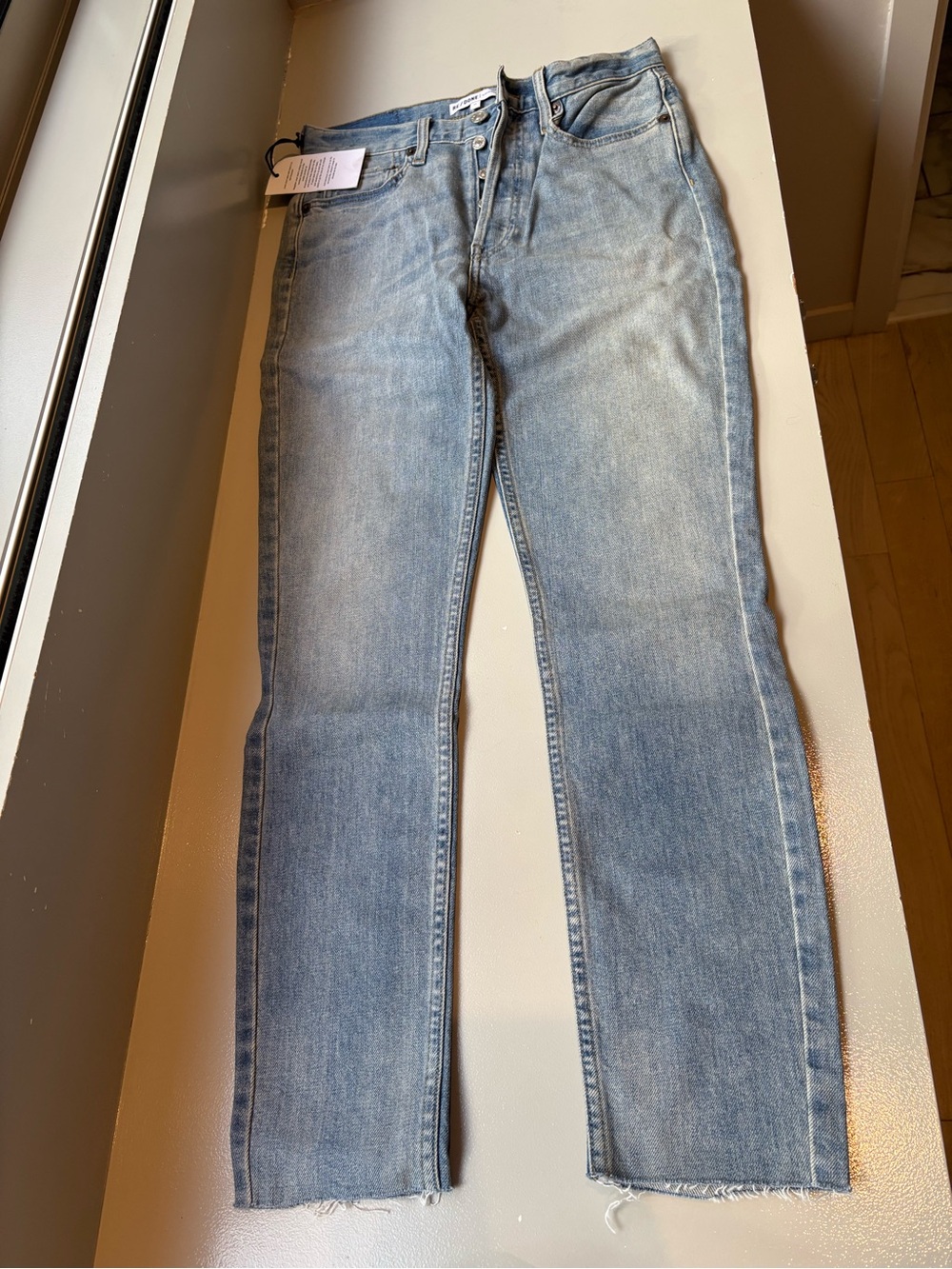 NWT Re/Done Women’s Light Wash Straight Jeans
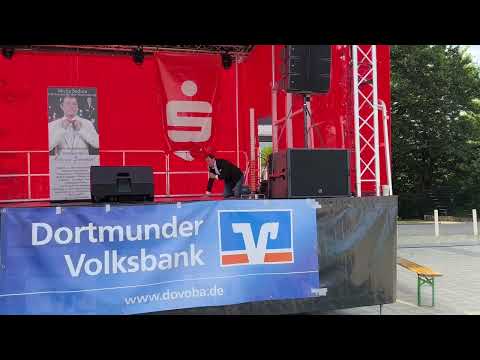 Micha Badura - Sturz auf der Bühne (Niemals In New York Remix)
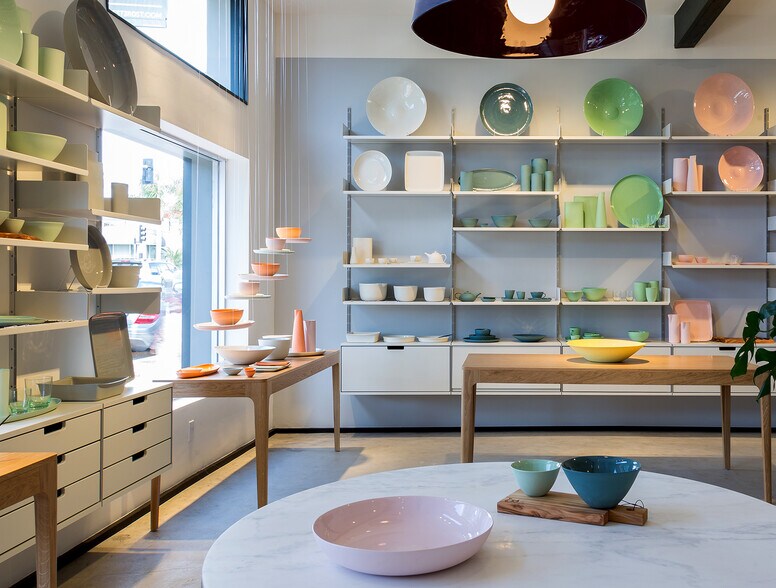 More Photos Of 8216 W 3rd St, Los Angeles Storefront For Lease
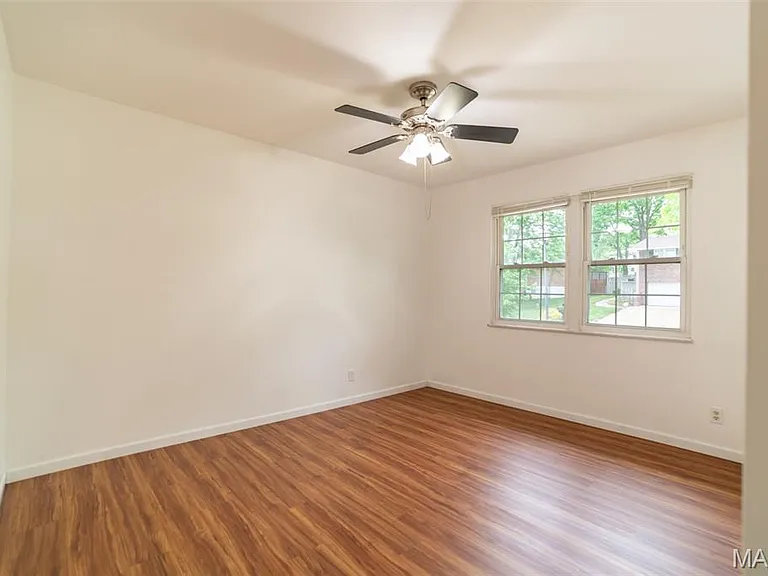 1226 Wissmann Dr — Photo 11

• • • • •

[Assigned task] Your copy should start at the line with "Micha Badura - Sturz", stop at the last line of the listing above, match exactly, and contain no pictures.

[Response for this exercise]
 Micha Badura - Sturz auf der Bühne (Niemals In New York Remix)
 More Photos Of 8216 W 3rd St, Los Angeles Storefront For Lease
 1226 Wissmann Dr — Photo 11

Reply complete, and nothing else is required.